Problem description: Using the data below, print exactly the line with "Image 1 : Vintage", the line with "Ensemble de salle", and every line between them, but none of the pictures.
### Dataset records
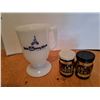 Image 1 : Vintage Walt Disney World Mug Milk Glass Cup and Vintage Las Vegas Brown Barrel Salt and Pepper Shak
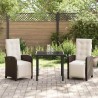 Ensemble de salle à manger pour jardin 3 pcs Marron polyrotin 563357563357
######
### Dataset records
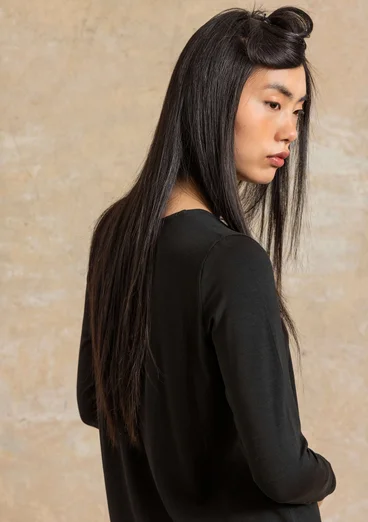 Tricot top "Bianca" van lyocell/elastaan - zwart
######
### Dataset records
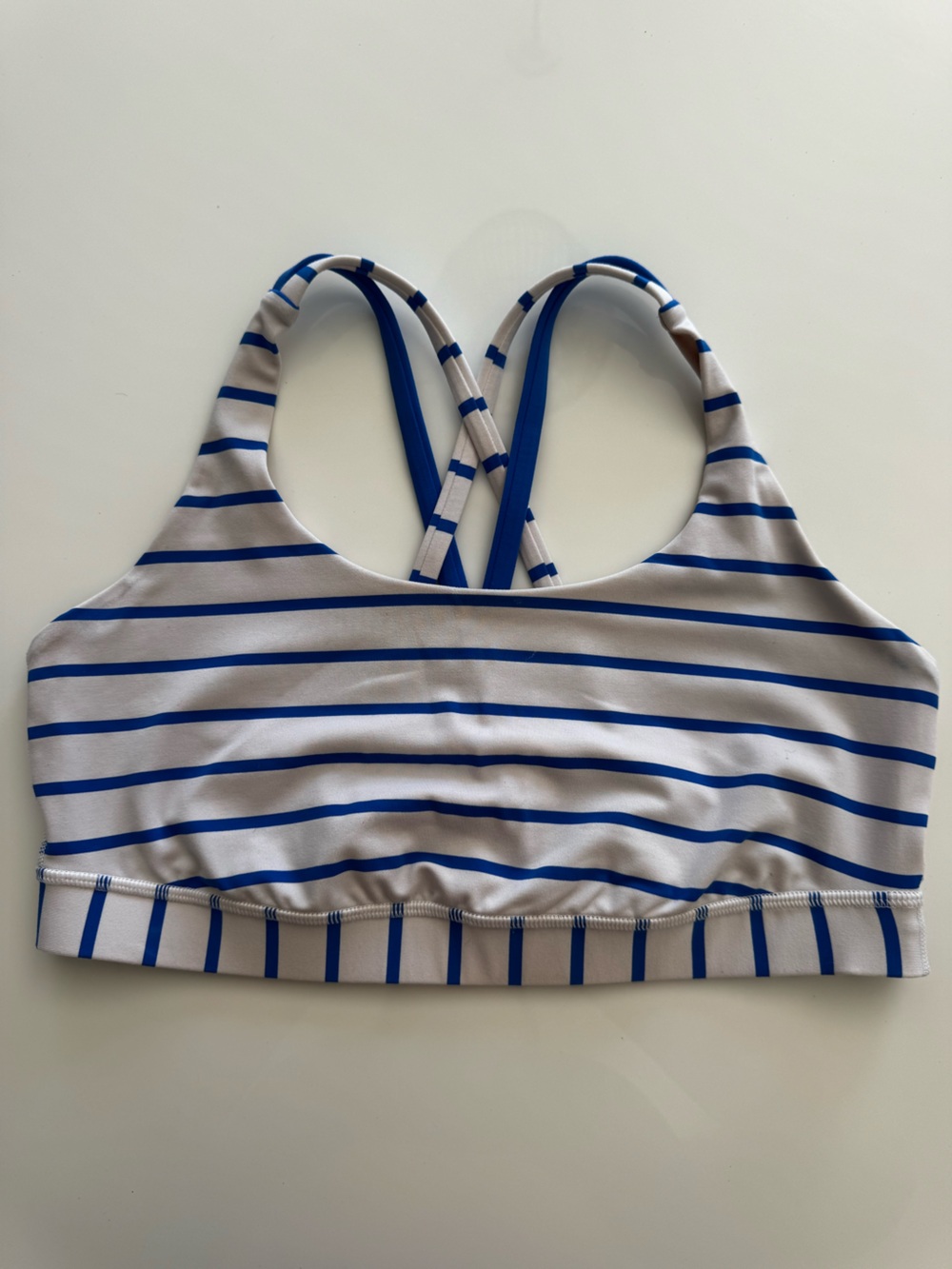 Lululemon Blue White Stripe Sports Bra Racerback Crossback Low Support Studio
######
Solution to the exercise:
 Image 1 : Vintage Walt Disney World Mug Milk Glass Cup and Vintage Las Vegas Brown Barrel Salt and Pepper Shak
 Ensemble de salle à manger pour jardin 3 pcs Marron polyrotin 563357563357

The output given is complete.